Starting at the line that contains "Students bowl during", return every line through the end of the entries below, exactly and with nothing else.

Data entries
- Opening Delimiter -
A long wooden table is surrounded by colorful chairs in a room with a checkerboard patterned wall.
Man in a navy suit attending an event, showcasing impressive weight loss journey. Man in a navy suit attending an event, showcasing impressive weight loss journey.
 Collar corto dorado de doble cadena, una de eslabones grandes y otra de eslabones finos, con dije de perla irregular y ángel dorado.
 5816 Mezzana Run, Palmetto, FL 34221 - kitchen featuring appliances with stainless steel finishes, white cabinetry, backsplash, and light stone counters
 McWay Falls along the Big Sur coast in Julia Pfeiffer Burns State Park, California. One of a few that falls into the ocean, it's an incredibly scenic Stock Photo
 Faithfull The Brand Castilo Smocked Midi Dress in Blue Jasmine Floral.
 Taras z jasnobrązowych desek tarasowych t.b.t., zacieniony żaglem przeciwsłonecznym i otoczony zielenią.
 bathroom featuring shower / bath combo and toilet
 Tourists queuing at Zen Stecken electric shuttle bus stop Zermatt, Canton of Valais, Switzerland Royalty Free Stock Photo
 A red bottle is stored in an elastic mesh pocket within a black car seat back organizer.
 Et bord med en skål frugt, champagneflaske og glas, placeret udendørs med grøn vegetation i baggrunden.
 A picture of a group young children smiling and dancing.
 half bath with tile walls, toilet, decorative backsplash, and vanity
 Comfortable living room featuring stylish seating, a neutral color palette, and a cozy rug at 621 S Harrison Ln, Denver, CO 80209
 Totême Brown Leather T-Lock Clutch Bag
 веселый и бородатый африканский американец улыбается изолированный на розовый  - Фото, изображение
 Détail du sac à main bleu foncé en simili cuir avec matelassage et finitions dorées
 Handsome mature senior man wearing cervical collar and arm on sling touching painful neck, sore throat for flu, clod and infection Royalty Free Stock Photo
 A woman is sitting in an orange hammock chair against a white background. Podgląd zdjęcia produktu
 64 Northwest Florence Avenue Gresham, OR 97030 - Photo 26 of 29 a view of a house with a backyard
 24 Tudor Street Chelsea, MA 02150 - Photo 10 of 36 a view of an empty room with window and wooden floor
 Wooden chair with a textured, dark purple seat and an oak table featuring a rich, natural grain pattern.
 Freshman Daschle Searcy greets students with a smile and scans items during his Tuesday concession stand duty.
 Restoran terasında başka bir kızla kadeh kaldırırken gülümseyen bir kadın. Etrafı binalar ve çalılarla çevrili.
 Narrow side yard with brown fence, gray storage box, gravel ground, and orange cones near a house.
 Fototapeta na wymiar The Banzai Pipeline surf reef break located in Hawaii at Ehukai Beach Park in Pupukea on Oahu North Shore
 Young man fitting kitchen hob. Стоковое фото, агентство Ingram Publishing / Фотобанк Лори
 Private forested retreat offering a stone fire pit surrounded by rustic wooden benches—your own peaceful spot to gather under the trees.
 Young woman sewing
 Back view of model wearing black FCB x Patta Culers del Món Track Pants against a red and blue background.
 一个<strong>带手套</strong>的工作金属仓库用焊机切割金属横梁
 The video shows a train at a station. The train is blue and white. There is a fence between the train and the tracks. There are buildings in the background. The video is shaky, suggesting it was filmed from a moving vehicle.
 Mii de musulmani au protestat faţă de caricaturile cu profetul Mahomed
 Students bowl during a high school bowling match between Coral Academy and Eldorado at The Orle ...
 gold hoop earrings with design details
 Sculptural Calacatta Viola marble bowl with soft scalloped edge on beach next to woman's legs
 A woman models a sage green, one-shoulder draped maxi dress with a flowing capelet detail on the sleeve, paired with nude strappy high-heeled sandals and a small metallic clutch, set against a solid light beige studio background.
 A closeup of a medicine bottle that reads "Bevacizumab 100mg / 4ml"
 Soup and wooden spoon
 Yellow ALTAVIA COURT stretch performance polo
- Closing Delimiter -
▸ Task response:
 Students bowl during a high school bowling match between Coral Academy and Eldorado at The Orle ...
 gold hoop earrings with design details
 Sculptural Calacatta Viola marble bowl with soft scalloped edge on beach next to woman's legs
 A woman models a sage green, one-shoulder draped maxi dress with a flowing capelet detail on the sleeve, paired with nude strappy high-heeled sandals and a small metallic clutch, set against a solid light beige studio background.
 A closeup of a medicine bottle that reads "Bevacizumab 100mg / 4ml"
 Soup and wooden spoon
 Yellow ALTAVIA COURT stretch performance polo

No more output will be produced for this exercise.